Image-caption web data

--------------------

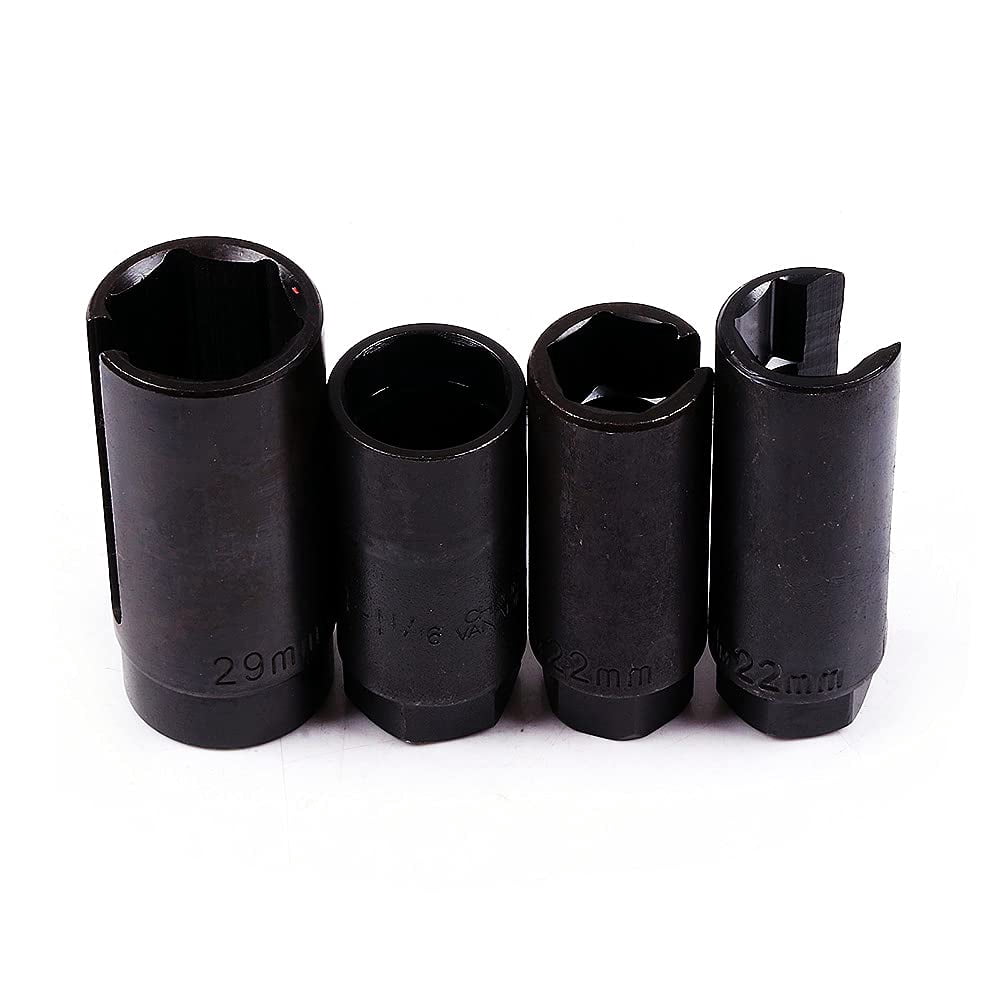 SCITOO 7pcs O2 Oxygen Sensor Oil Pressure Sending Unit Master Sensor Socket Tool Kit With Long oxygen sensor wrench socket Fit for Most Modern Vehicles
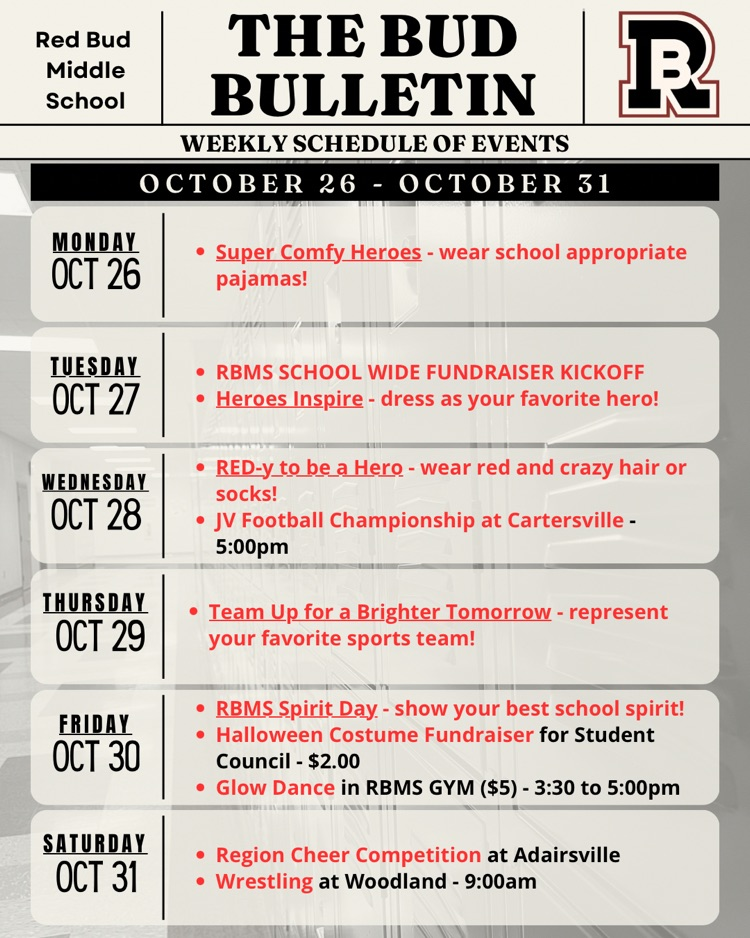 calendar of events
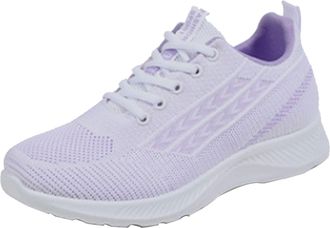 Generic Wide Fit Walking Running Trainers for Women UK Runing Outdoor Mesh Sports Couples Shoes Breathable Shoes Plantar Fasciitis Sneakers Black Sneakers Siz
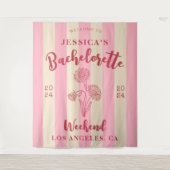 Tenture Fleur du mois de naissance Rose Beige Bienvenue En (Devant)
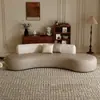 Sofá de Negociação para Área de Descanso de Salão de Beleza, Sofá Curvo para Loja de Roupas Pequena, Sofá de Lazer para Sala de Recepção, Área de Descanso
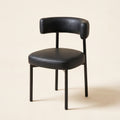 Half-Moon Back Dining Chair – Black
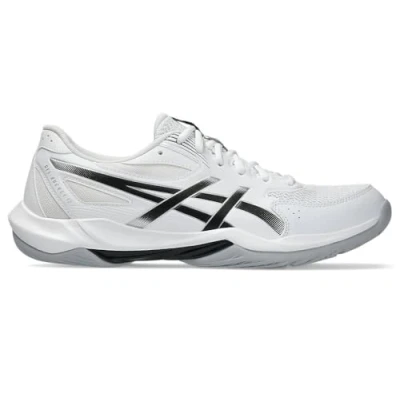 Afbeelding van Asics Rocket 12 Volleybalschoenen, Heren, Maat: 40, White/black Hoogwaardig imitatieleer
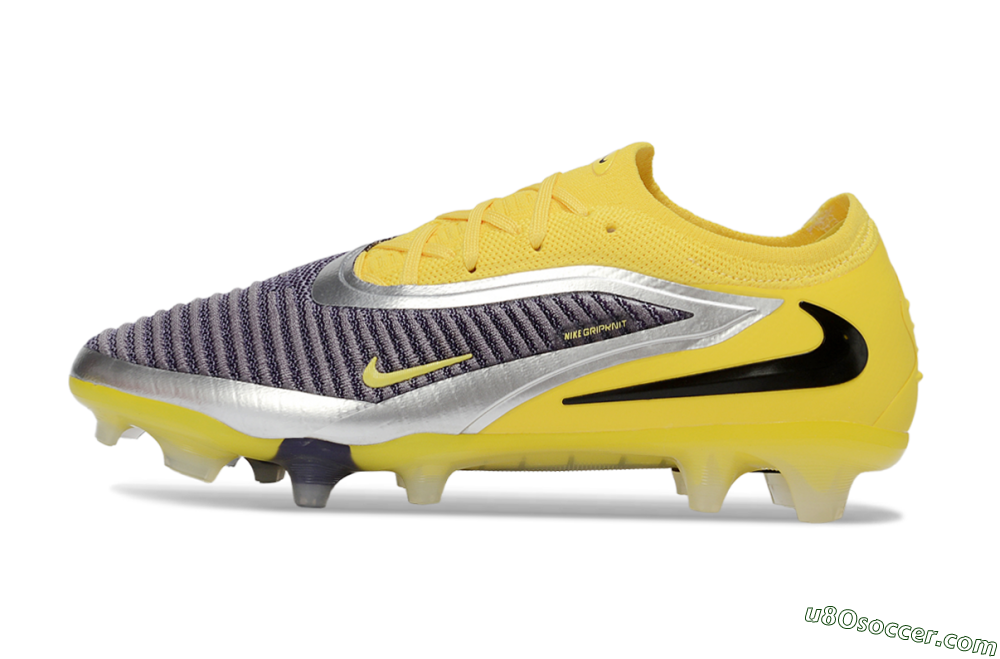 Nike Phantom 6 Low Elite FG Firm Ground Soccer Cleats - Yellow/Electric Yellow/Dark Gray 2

--------------------

PROBLEM STATEMENT
Restate the lines of the records exactly, starting at the first and stopping after the line with "calendar of events". Leave out any picture.

SOLUTION TO THIS EXERCISE
 SCITOO 7pcs O2 Oxygen Sensor Oil Pressure Sending Unit Master Sensor Socket Tool Kit With Long oxygen sensor wrench socket Fit for Most Modern Vehicles
 calendar of events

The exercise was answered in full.